Release Date: Available Now
Synopsis: Confronted by a restraining order and the threat of a lawsuit, failed journalist Leah Stevens needs to get out of Boston when she runs into an old friend, Emmy Grey who has just left a troubled relationship. Emmy proposes they move to rural Pennsylvania, where Leah can get a teaching position and both women can start again. But their new start is threatened when a woman with an eerie resemblance to Leah is assaulted by the lake, and Emmy disappears days later.

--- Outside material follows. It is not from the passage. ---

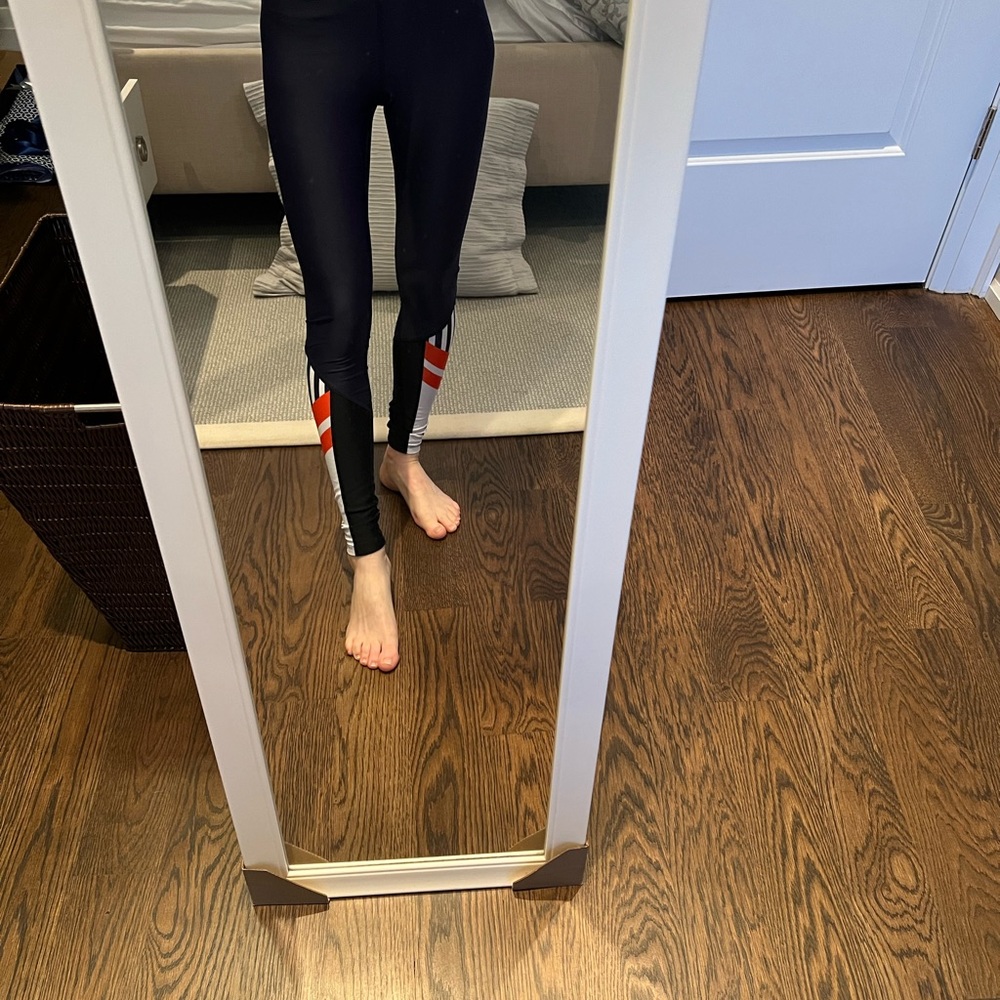 P.E. Nation navy blue workout leggings with thick black waistband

Determined to find Emmy, Leah cooperates with Kyle Donovan, a handsome young police officer on the case. As they investigate her friend’s life for clues, Leah begins to wonder: did she ever really know Emmy at all? With no friends, family or digital footprint, the police begin to suspect that there is no Emmy Grey. Soon Leah’s credibility is at stake, and she is forced to revisit her past: the article that ruined her career. To save herself, Leah must confront the truth about Emmy Grey–and along the way, confront her old demons, find out who she can really trust, and clear her own name.
Everyone in this rural Pennsylvania town has something to hide–including Leah herself. How do you uncover the truth when you are too busy hiding your own?

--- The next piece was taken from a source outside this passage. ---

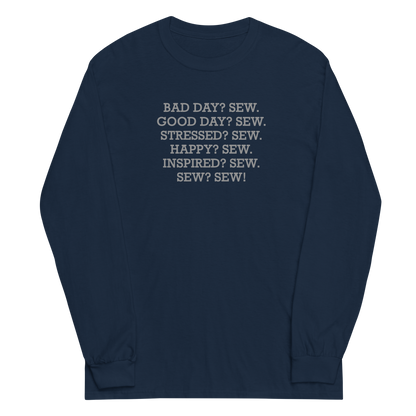 "Bad Day? Sew. Good Day? Sew. Stressed? Sew. Happy? Sew. Inspired? Sew. Sew? Sew!" printed on a navy men's long sleeve shirt laying on a flat surface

Megan Miranda’s debut novel All the Missing Girls was one of my favorite psychological suspense novels of last year, so I’ve been eagerly anticipating Perfect Stranger. While this wasn’t a perfect read for me, it was still an enjoyable and quick one.

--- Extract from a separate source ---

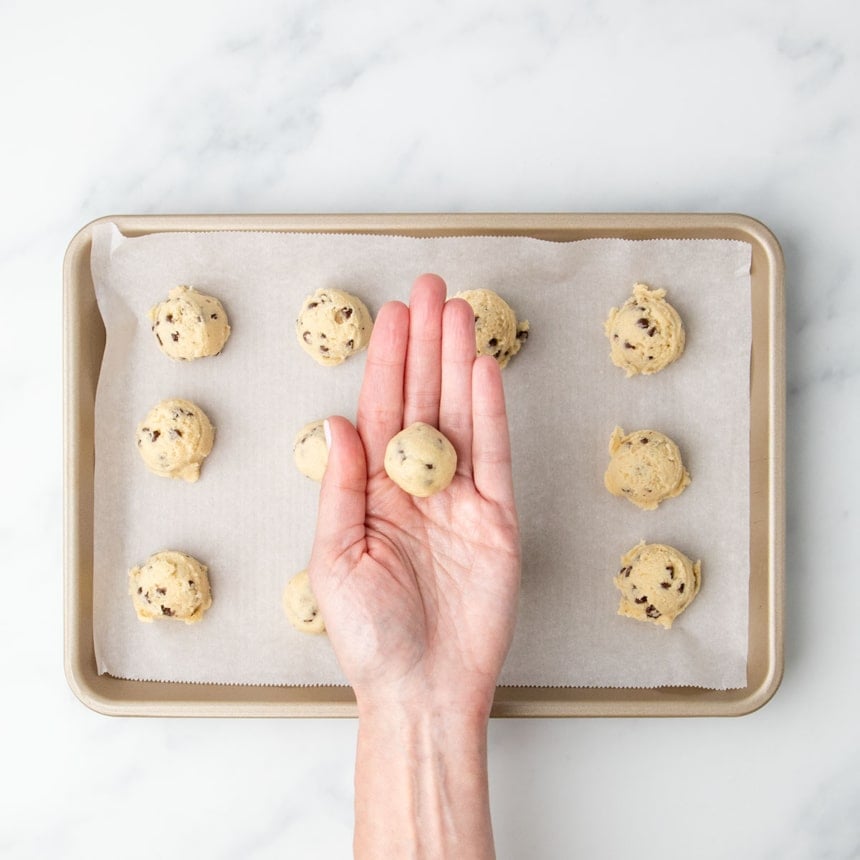 A single portion of shaped round of cookie dough held up in the palm of a hand, with other unrounded scoops on the tray below.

After finishing this second book, it’s obvious that Megan Miranda’s writing style is beautiful. Every word, every detail, is just perfectly placed, which makes the narrative flow so smoothly. When you combine this with the story’s fast pace, and suspenseful plot, it makes for a real page-turner that makes it difficult to put down.
I have to be honest and say I had a difficult time connecting with any of the characters, including Leah. She made some extremely questionable decisions through the story, that me suspicious of her motives. I also thought the secondary characters could have been fleshed out a little more.
As I previously said, the plot is suspenseful and filled with interesting developments which ratcheted up the tension. But, after all the build up, I confess I was a little disappointed in the ending which I thought was okay, but somewhat anticlimactic.
I admit I went into Perfect Stranger with high expectations, perhaps exceedingly so. I always do my best to judge the books I read on their own merit no matter how I’ve felt about an author’s previous works. Sometimes that’s more difficult than others and that was the case for me with this novel. Overall, I thought this was a good, solid psychological suspense story, and there’s a part of me that’s wondering if I would have enjoyed it even more if I hadn’t loved the first book so much. Whatever the case, I have absolutely no no qualms over recommending this to anyone who loves this genre, and I’m looking forward to Miranda’s next novel.